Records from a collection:
● ● ● ● ● ● ●

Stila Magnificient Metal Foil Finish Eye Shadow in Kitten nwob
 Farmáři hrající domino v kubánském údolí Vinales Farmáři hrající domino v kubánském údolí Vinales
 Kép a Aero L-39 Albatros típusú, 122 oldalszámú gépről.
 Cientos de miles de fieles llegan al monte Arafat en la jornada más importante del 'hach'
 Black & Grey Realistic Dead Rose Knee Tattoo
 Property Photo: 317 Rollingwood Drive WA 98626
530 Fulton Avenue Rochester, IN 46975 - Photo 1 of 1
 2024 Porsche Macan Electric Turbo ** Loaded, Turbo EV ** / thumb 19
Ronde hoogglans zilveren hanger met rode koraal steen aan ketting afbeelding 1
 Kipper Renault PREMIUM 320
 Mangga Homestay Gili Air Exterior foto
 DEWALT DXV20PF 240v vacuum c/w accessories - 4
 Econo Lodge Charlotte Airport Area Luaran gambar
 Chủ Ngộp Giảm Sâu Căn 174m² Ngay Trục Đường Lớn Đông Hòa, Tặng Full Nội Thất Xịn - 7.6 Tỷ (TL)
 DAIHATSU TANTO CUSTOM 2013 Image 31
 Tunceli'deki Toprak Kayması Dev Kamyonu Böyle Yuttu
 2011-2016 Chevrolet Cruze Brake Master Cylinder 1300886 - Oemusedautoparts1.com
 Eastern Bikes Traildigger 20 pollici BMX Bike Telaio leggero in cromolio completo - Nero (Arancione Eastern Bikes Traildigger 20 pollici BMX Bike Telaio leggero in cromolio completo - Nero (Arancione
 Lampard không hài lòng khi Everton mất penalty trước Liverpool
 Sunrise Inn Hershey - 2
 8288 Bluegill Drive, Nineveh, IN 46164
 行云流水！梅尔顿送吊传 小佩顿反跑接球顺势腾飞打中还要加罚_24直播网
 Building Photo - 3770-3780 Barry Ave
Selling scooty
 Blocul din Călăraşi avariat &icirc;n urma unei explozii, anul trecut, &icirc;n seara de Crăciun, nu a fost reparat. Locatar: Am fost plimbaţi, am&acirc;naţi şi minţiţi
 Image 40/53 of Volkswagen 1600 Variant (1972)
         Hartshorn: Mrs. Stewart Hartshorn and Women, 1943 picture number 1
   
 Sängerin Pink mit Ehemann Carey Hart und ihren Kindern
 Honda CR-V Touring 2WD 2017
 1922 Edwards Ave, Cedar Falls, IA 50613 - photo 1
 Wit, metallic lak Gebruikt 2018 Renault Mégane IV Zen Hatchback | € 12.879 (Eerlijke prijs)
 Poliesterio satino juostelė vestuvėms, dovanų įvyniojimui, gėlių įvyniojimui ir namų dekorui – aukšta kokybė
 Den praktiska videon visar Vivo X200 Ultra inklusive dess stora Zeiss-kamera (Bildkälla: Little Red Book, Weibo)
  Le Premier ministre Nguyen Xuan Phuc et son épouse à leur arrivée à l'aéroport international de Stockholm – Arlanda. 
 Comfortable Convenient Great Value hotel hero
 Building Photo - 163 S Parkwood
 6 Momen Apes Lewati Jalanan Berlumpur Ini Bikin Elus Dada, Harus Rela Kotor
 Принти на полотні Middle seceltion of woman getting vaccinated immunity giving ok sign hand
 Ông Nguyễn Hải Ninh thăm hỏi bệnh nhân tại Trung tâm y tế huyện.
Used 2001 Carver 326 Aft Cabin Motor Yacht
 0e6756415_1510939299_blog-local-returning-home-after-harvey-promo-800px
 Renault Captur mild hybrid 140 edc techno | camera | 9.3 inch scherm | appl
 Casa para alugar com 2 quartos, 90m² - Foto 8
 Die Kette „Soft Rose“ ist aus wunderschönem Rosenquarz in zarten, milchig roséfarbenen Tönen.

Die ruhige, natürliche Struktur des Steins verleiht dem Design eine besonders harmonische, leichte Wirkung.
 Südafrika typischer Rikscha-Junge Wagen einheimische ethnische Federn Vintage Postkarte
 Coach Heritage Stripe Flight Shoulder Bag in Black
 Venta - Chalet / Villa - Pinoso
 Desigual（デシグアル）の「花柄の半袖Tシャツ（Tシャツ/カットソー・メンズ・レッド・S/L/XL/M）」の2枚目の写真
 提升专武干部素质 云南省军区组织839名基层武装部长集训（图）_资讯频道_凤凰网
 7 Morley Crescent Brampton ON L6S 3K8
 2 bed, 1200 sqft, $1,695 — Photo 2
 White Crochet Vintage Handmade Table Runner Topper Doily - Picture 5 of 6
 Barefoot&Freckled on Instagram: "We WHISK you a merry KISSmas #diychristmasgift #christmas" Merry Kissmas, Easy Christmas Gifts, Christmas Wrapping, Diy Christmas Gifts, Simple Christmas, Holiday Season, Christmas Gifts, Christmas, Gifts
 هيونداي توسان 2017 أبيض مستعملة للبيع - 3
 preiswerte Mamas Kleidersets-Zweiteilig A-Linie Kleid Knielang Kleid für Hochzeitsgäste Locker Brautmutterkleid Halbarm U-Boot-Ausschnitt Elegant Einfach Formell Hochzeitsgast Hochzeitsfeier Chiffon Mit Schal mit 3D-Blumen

● ● ● ● ● ● ●

• [WHAT TO WORK ON]: The answer must consist of every line above that holds the string "Rose", copied exactly.

• [OUTPUT OF THE EXERCISE]:
 Black & Grey Realistic Dead Rose Knee Tattoo
 Die Kette „Soft Rose“ ist aus wunderschönem Rosenquarz in zarten, milchig roséfarbenen Tönen.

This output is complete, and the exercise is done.